THE PROBLEM
Nothing but the lines from the one containing "761 Ocean Crest" through the end of the entries below should be set down, each exactly as written.

Stored data entries
'''

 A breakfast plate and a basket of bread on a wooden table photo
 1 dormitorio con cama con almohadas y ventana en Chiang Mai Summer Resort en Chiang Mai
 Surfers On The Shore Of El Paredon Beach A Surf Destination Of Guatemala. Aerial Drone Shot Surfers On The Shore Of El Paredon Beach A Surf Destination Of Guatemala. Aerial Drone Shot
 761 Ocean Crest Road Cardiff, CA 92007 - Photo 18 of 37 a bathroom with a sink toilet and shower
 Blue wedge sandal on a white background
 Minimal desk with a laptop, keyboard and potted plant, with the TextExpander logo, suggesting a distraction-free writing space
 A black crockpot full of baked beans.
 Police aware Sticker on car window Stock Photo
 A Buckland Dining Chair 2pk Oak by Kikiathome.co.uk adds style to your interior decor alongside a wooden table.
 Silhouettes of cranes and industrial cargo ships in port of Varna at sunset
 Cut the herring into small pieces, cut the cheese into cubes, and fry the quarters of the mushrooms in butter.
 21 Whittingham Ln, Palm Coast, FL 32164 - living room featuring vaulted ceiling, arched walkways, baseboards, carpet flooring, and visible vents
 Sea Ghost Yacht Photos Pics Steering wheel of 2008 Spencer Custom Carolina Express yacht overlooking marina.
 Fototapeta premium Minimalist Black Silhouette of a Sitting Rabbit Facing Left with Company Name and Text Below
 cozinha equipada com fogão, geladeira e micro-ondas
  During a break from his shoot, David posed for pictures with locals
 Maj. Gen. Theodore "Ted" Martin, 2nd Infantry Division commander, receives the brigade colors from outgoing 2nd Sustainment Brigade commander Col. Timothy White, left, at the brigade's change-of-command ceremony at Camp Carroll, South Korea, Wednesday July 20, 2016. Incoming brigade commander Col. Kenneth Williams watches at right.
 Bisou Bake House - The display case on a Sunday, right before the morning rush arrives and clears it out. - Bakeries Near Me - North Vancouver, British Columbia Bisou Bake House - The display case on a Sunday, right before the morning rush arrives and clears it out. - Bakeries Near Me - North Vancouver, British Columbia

'''

RESPONSE BELOW
 761 Ocean Crest Road Cardiff, CA 92007 - Photo 18 of 37 a bathroom with a sink toilet and shower
 Blue wedge sandal on a white background
 Minimal desk with a laptop, keyboard and potted plant, with the TextExpander logo, suggesting a distraction-free writing space
 A black crockpot full of baked beans.
 Police aware Sticker on car window Stock Photo
 A Buckland Dining Chair 2pk Oak by Kikiathome.co.uk adds style to your interior decor alongside a wooden table.
 Silhouettes of cranes and industrial cargo ships in port of Varna at sunset
 Cut the herring into small pieces, cut the cheese into cubes, and fry the quarters of the mushrooms in butter.
 21 Whittingham Ln, Palm Coast, FL 32164 - living room featuring vaulted ceiling, arched walkways, baseboards, carpet flooring, and visible vents
 Sea Ghost Yacht Photos Pics Steering wheel of 2008 Spencer Custom Carolina Express yacht overlooking marina.
 Fototapeta premium Minimalist Black Silhouette of a Sitting Rabbit Facing Left with Company Name and Text Below
 cozinha equipada com fogão, geladeira e micro-ondas
  During a break from his shoot, David posed for pictures with locals
 Maj. Gen. Theodore "Ted" Martin, 2nd Infantry Division commander, receives the brigade colors from outgoing 2nd Sustainment Brigade commander Col. Timothy White, left, at the brigade's change-of-command ceremony at Camp Carroll, South Korea, Wednesday July 20, 2016. Incoming brigade commander Col. Kenneth Williams watches at right.
 Bisou Bake House - The display case on a Sunday, right before the morning rush arrives and clears it out. - Bakeries Near Me - North Vancouver, British Columbia Bisou Bake House - The display case on a Sunday, right before the morning rush arrives and clears it out. - Bakeries Near Me - North Vancouver, British Columbia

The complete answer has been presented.